I run Photoshop 7 on my DTK under Rosetta and for the amateur its good enough. Actually, even the pro that stopped in to show us some logo variations had no problem with it and didn't even realize it wasn't a regular PowerMac.

My guess is the transition isn't nearly as bad as the Adobe guy thinks it is. He already has to test on a lot of operating systems anyway.

2005-09-03 23:43:04
Adobe's complaining about *this*?
Compared to some of the weird ports that Adobe has done over the years, that they are complaining about having a good 1-2 years to move to a new processor on a very abstracted OS just doesn't make sense.

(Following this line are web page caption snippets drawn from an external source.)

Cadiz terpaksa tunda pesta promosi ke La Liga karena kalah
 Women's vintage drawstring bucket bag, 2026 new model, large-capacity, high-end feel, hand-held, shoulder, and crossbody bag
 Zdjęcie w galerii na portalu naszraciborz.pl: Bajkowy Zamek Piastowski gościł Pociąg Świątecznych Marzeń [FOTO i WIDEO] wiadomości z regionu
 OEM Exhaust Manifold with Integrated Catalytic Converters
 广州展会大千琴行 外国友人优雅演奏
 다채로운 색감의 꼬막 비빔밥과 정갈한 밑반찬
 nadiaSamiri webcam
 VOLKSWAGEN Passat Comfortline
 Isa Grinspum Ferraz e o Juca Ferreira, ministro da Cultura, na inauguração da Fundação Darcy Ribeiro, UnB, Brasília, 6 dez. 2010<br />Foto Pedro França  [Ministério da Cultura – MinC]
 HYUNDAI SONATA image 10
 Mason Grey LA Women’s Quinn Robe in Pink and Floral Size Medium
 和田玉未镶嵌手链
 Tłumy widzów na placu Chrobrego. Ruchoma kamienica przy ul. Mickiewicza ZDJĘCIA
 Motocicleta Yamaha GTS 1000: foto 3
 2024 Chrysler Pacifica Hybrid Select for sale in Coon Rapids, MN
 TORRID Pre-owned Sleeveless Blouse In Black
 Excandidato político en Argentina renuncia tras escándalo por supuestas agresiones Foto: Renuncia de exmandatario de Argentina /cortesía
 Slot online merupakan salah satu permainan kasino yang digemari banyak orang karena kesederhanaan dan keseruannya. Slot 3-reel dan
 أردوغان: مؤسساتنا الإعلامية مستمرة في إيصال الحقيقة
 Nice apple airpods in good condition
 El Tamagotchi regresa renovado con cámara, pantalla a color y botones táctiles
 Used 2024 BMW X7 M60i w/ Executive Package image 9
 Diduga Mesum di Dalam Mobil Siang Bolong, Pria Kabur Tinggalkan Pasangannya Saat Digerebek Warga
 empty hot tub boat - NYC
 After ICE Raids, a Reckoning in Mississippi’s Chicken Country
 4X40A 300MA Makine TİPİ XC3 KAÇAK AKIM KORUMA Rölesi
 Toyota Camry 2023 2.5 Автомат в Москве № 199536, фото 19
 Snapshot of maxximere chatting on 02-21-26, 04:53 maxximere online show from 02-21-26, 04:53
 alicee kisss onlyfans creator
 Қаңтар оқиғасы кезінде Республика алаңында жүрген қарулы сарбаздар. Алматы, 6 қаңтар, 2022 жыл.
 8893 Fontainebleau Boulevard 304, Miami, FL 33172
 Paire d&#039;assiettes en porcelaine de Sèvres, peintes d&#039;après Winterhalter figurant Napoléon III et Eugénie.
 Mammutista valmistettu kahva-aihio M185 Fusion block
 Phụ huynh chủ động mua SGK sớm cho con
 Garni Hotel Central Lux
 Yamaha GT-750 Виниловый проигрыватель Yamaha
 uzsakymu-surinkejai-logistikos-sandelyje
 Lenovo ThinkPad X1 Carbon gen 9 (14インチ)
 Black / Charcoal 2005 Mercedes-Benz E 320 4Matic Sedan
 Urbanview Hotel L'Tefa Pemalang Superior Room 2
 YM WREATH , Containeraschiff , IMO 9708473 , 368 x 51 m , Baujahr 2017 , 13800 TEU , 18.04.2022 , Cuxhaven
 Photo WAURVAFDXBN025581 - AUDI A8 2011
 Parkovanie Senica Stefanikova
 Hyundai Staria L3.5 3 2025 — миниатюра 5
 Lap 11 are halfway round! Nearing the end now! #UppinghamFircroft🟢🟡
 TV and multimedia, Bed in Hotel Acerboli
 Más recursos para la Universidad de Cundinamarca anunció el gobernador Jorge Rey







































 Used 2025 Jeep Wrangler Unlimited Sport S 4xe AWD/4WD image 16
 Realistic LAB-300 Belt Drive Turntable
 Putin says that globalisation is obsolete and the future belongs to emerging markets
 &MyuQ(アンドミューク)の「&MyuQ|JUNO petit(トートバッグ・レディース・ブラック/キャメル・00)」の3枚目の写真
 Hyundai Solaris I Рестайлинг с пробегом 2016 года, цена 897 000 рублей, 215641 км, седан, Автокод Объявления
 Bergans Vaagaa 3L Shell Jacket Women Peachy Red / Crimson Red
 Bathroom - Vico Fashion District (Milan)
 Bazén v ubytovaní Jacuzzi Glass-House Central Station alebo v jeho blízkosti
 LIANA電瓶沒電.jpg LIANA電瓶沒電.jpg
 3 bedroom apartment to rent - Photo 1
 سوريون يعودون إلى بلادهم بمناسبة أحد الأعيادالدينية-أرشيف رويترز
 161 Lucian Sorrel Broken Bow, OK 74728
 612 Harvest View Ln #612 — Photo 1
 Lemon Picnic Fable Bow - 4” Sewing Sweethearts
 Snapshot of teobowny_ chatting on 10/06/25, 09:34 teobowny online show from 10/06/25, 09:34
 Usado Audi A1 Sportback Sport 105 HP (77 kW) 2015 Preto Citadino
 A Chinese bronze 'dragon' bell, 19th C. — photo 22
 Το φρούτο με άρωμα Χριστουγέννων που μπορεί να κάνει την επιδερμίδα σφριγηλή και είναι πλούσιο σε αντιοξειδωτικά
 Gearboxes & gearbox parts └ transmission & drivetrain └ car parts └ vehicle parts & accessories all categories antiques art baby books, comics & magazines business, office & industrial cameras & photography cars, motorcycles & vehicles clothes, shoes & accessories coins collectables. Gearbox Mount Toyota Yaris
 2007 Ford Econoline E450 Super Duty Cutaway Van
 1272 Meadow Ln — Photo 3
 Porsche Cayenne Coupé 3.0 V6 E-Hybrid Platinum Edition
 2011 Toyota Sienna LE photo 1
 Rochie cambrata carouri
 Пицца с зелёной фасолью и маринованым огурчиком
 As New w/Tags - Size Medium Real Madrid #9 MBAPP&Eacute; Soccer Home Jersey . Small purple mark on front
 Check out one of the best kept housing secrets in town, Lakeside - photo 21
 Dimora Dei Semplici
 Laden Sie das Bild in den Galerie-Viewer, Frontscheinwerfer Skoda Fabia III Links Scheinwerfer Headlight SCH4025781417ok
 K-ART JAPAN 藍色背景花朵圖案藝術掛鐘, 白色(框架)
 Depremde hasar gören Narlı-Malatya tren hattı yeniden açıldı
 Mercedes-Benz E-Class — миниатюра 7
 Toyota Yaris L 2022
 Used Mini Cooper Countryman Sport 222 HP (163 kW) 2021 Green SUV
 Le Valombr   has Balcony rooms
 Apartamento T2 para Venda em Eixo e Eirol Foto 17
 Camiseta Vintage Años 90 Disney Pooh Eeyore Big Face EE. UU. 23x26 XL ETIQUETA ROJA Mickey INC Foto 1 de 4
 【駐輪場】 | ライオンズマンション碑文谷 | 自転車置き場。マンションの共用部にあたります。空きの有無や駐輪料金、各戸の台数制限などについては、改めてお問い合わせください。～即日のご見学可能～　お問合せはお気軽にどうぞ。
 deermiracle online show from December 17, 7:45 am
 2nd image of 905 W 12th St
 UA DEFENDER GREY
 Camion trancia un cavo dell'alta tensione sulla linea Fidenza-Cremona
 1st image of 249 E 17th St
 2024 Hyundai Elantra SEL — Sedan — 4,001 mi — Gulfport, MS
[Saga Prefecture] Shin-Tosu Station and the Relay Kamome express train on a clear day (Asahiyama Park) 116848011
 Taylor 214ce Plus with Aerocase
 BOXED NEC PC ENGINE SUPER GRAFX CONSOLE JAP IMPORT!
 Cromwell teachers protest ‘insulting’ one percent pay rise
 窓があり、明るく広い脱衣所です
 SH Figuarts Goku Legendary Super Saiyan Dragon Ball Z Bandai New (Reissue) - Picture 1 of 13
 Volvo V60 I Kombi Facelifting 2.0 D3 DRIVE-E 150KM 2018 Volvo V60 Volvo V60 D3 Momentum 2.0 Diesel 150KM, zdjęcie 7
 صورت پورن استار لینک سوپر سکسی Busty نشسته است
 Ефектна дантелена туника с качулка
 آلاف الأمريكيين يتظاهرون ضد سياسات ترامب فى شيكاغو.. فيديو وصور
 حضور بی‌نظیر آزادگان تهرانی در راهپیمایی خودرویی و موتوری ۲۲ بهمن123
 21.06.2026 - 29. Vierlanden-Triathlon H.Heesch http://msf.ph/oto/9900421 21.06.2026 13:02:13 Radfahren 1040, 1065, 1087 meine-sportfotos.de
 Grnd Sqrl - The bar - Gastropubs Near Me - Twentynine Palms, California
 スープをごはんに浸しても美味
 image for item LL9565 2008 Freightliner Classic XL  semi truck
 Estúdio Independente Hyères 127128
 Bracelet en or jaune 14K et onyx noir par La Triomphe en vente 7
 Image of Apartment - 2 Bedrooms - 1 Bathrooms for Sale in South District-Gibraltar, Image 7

Adobe used to make Photoshop (v2.5 and 3) and Illustrator for SGI IRIX on MIPS! A totally different CPU, on a very different OS. Plus, Photoshop for Windows was in its infancy at that stage too. Also, as I remember, Adobe ported Photoshop over to Rhapsody's Yellow Box (which became Cocoa) back when Apple was pushing it as the client OS of the near future. That was really just a keynote showoff, but I remember that it took weeks to do--nothing minor. Now, Adobe has lots of time to migrate to a new processor that they already support on another OS. CS2 will work on the MacTels...not great, but it'll work. They've got plenty of time and plenty of in-house experience. Make it happen.